[Records contained in a dataset]
◆ ◆ ◆ ◆ ◆ ◆ ◆

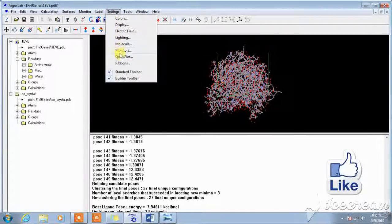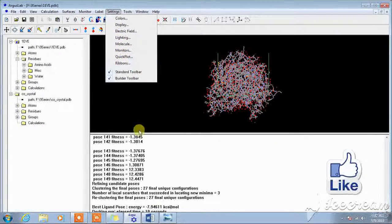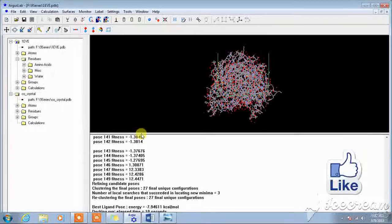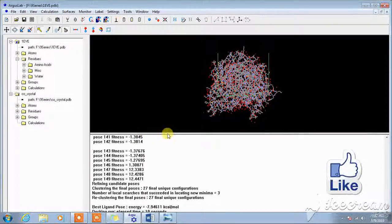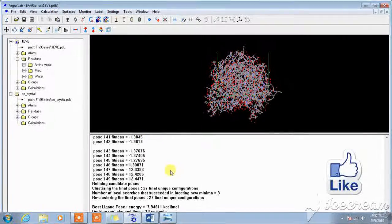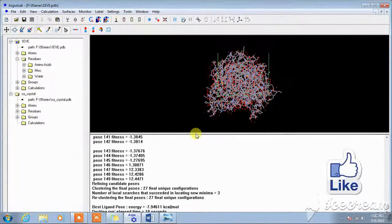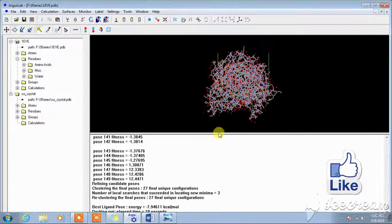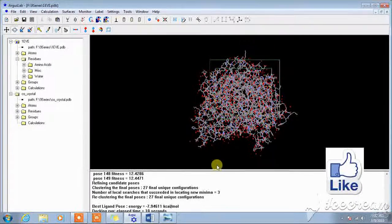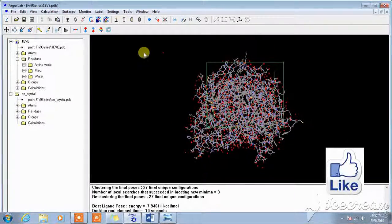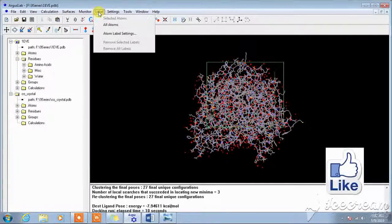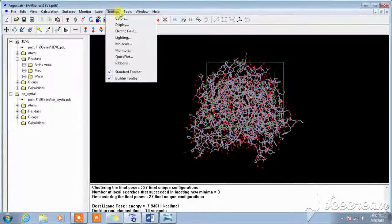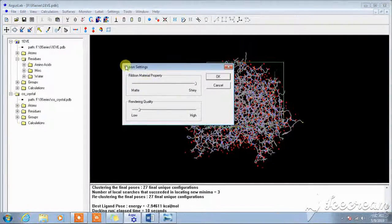Now I would like to tell you how you can take the picture of poses. Minimize this. Setting ribbons, setting ribbons.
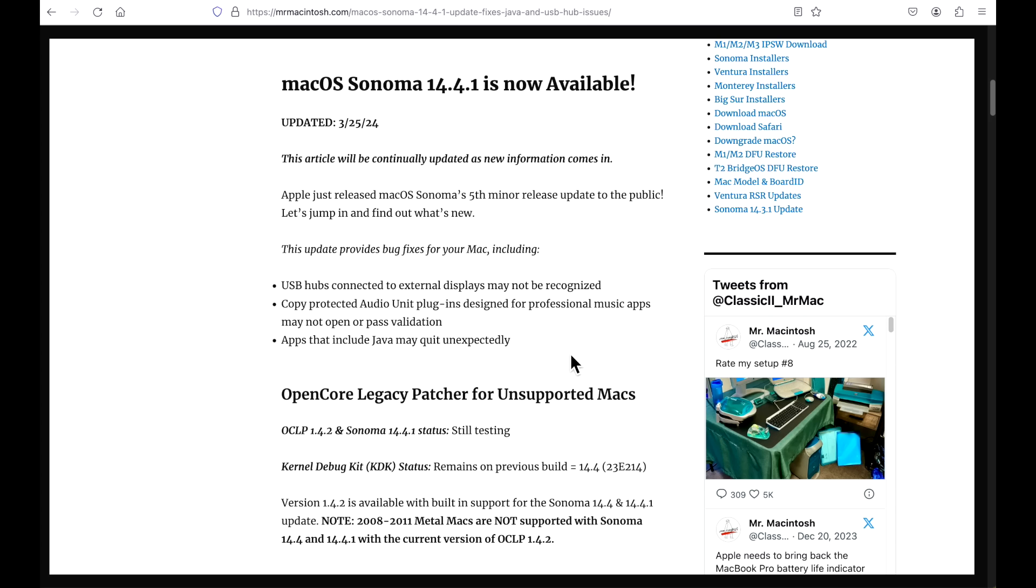There's my recommendation. Let me know in the comments if you're going to be installing or waiting. I can't wait till OpenCore Legacy Patcher 1.4.3 coming out soon. Hopefully it is able to fix all the non-metal issues and we'll definitely be able to cover that as soon as it comes out. We'll catch you in the next one, thanks.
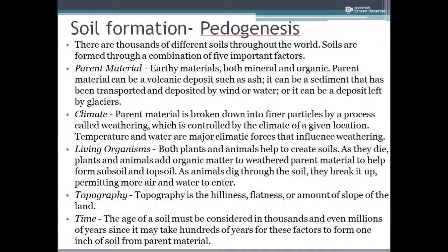The final factor is time. The age of a soil is considered in thousands and even millions of years, because it typically takes hundreds of years for these factors to form just one inch of soil from the parent material. All these factors — parent material, climate, living organisms, topography, and time — have a sequential and combinatorial influence that results in soil formation.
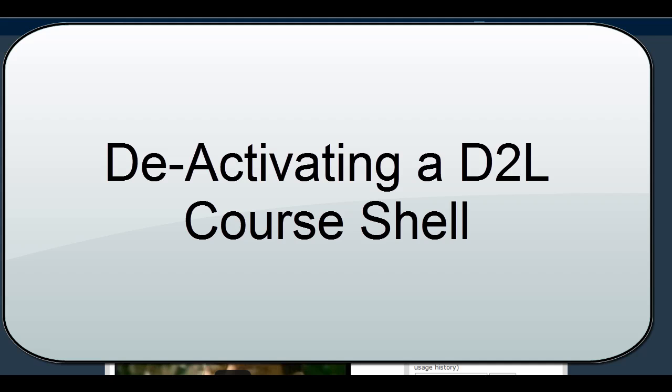So you're definitely going to want to make sure to copy your content to the new course and then deactivate the old versions of the course, leaving only the most recent version for your students to access.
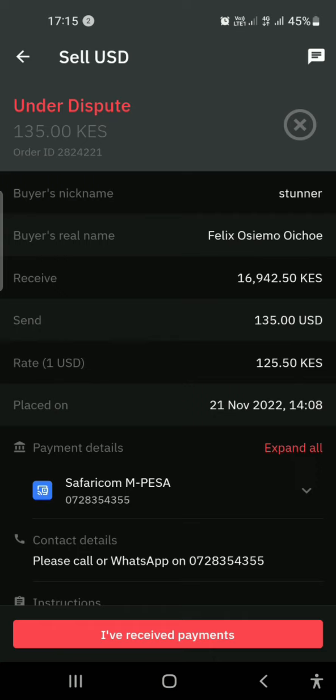The buyer has to provide a bank statement as proof. If he cannot prove that he has paid, then the money will be released back to me. As you come onto Deriv, please understand there are scammers there and you need to be very careful. Never confirm 'I've received the payment' when you have not seen the payment — this is the very tricky part of Deriv P2P trading.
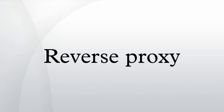Uses of reverse proxies: Reverse proxies can hide the existence and characteristics of an origin server or servers.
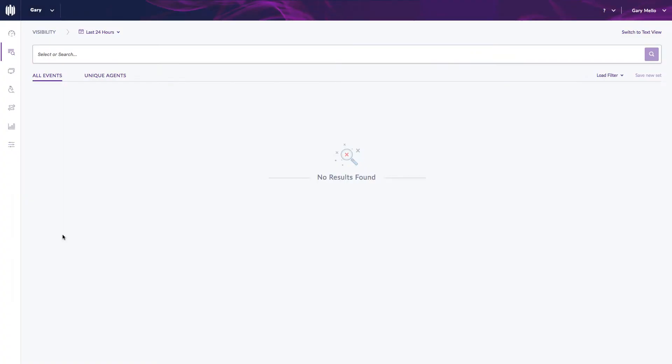Hi, this is Gary Mello from SentinelOne. In this video I'd like to discuss some new functionality with SentinelOne, more particularly our deep visibility and the concept of watch lists.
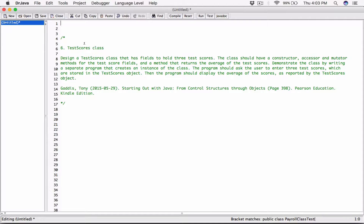The next program in Chapter 6 is the TestScores class. We need to design a TestScores class that has fields to hold three test scores. The class should have a constructor, accessor, and mutator methods for the test score fields, and a method that returns the average of the test scores. We'll demonstrate the class by writing a separate program that creates an instance of the class, asks the user to enter three test scores, and displays the average.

◆ ◆ ◆ ◆ ◆ ◆ ◆

■ **What the task requires**: From the first line of the entries down to the line with "There's my recommendation.", print each line exactly; omit any picture.

■ **Response for this exercise**:
Now I would like to tell you how you can take the picture of poses. Minimize this. Setting ribbons, setting ribbons.
There's my recommendation. Let me know in the comments if you're going to be installing or waiting. I can't wait till OpenCore Legacy Patcher 1.4.3 coming out soon. Hopefully it is able to fix all the non-metal issues and we'll definitely be able to cover that as soon as it comes out. We'll catch you in the next one, thanks.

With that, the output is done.